--- START ---
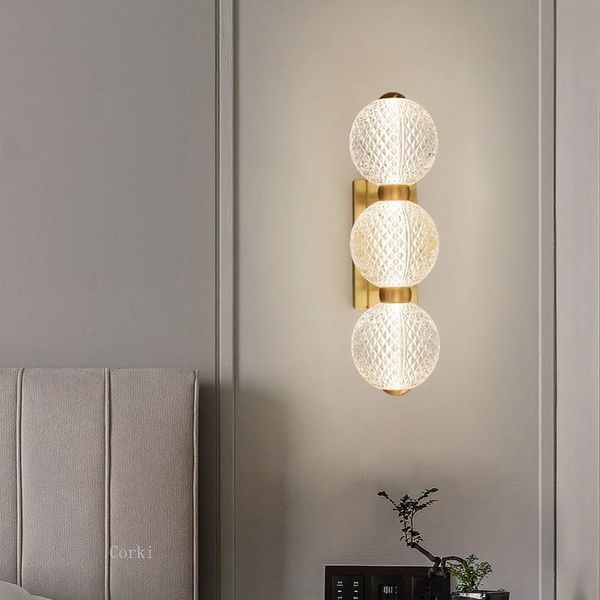 

wall lamp modern copper acrylic led light for living room restaurant dining bedroom beside decor lighting fixture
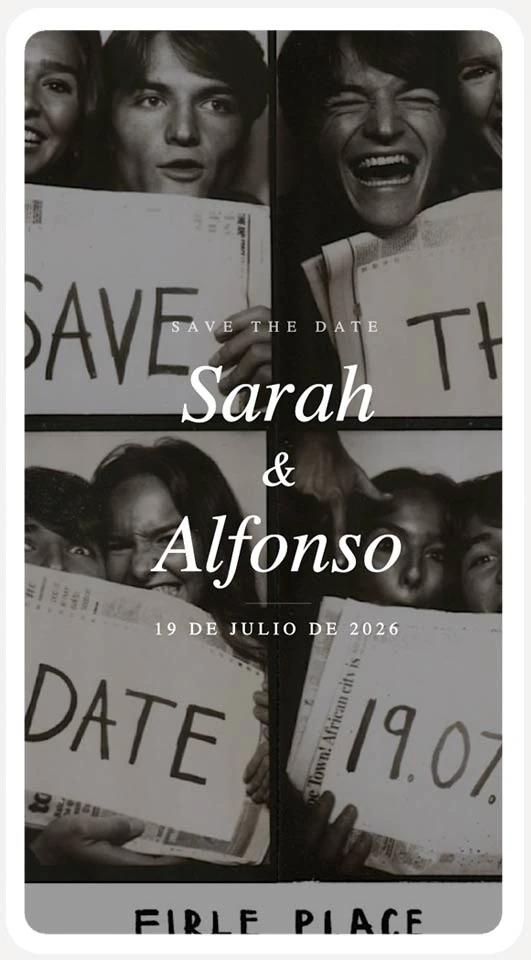 Ejemplo de Save the Date digital con la fecha y los nombres de los novios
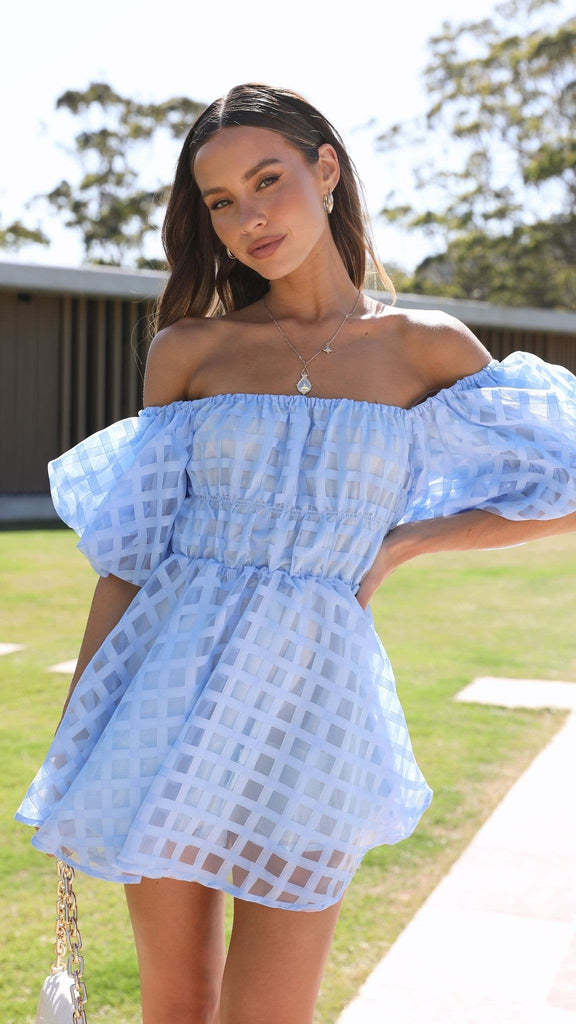 Off Shoulder Puff Sleeve Checkered Sheer Grid Babydoll Mini Dress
--- END ---
■ **How to complete this task**: Output the data above verbatim, pictures excluded.

■ **Task solution**:
wall lamp modern copper acrylic led light for living room restaurant dining bedroom beside decor lighting fixture
 Ejemplo de Save the Date digital con la fecha y los nombres de los novios
 Off Shoulder Puff Sleeve Checkered Sheer Grid Babydoll Mini Dress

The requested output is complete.